Large File over network from SAN to SAN

stunning

Limp Gawd
Joined
Sep 14, 2006
Messages
317
Hello Everyone.

Here is the scenario; Users are trying to copy large files roughly 10-30gb files over the WAN from Server A (county 1) to Server B,C,D (county 2) which are located in two different counties. All of these servers are virtual servers and are in a clustered environment.

Our users are on windows xp: Their process is they UnC to both the file shares and have two windows opened and execute the the copying of files by dragging and dropping. Now when they copy files from county1 to countyB the NIC on the server B is roughly around 750 mbps I/O.

When they start copying from Server A to Server C at the same time the NIC reaches a max of 180 mbps I/O.


County 1: all esx host are connected to a cisco 6509
County 2: all esx host are connected to a nexus 5020


I then started to perform test; I downloaded a program called lan speed test. I was getting anywhere from 16-40 mpbs for read/write. The wide range was due to user congestion during peak times of the day. However there were times I was getting a windows delayed write failure.

After further research I disabled write caching (did not work) hard coded the nic on my pc, access layer switch to 1gbps. This still did not fix the issue.



However just a few minutes ago I decided to RDP into the Server located at County B, opened the shared path to the files in County A and drag and drop the files over. I did this for multiple servers and was able to get 750+ mbps network I/O from all servers while copying the files at the same time...(*to clarify I was able to copy at 750 mbps for Each Server not a total)


if someone can please help or elaborate I would appreciate any help.
 
Last edited:

/usr/home

Supreme [H]ardness
Joined
Mar 18, 2008
Messages
6,160
Is this a 1 Gbps link? If so, copying files at 750 and 180 = 930Mbps which is good on a 1 Gbps link and that's normal.
 

tangoseal

[H]F Junkie
Joined
Dec 18, 2010
Messages
9,330
Shit 1gbps wont take long at all...

Or you can put the files on a brick and drive them over since they are only one couty over.
 

toast0

[H]ard|Gawd
Joined
Jan 26, 2010
Messages
1,471
Client driven copy is probably copy data from server A to client memory, copy data from client memory to server B. Server to server the data will only be on the network once.
 

bloodypulp

Gawd
Joined
May 17, 2010
Messages
903
toast0 is correct.

Also, SMB is ill-suited for file transfers over WAN links.
XP uses SMB 1. With 2008+, SMB 2.x is a little better.

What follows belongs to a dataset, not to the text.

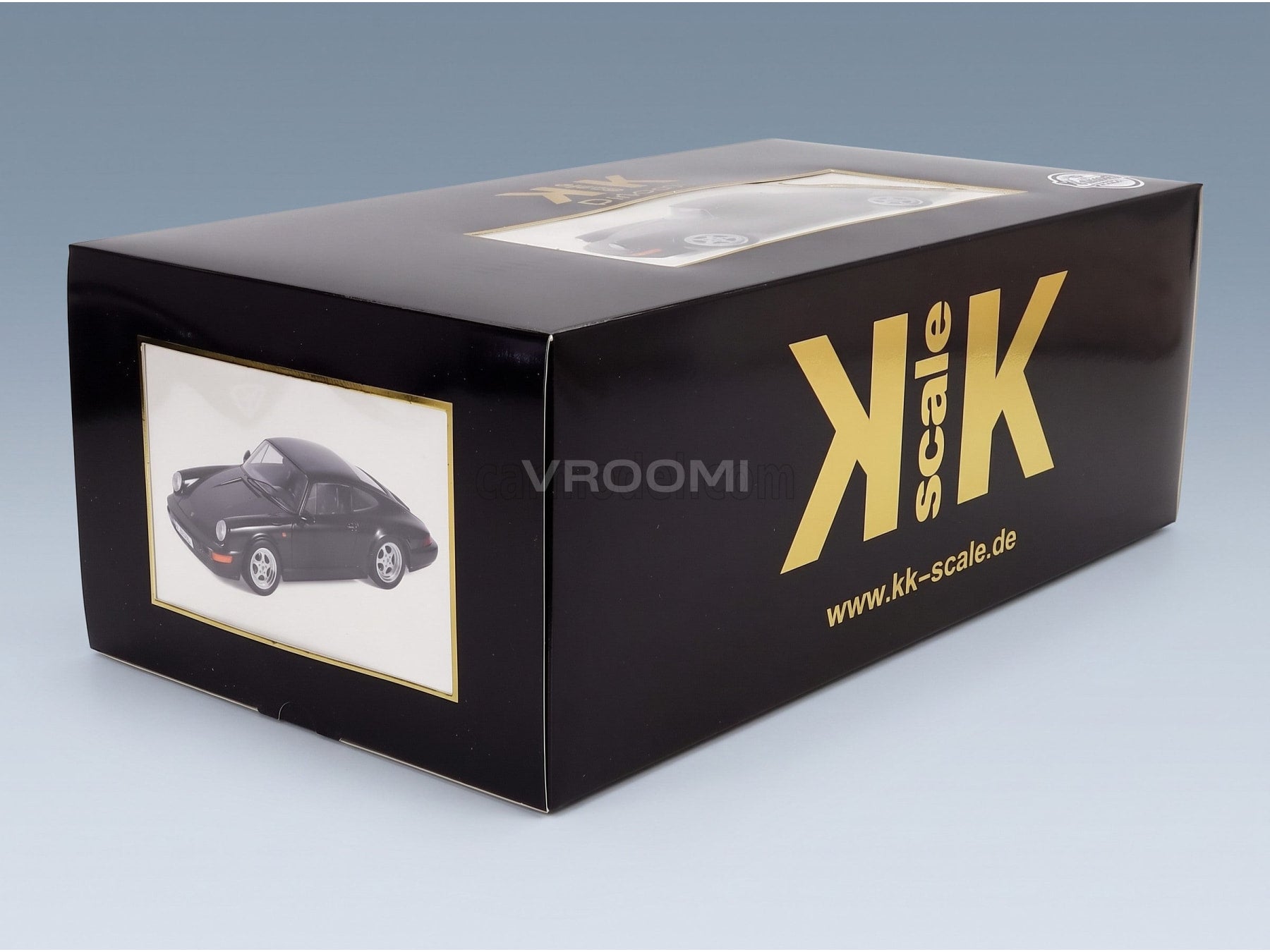 Porsche 911 964 RS Coupé Speedline Rims 1992 Black KK Scale 1:12 scale model - original packaging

That's why your server to server copy is faster.

Split your large files into smaller chunks(to avoid timeout failure) or use a different transport protocol.
Also, a Riverbed Steelhead may accelerate the file transfers.
 

Mackintire

2[H]4U
Joined
Jun 28, 2004
Messages
2,932
I'm assuming your connecting to the SAN via iSCSI target. If this is true you should be connecting the SAN via iSCSI target at the host level and presenting the volume to the guest as a hard drive.

If you are connecting via the guest OS, you are emulating a synthetic adapter and moving data 2X though it. As you add connections the entire system will choke and slow down dramatically.

For a file server do not virtualize the FC or iSCSI connection. If you have the extra nic ports direct connect the file server to its own dedicated nic.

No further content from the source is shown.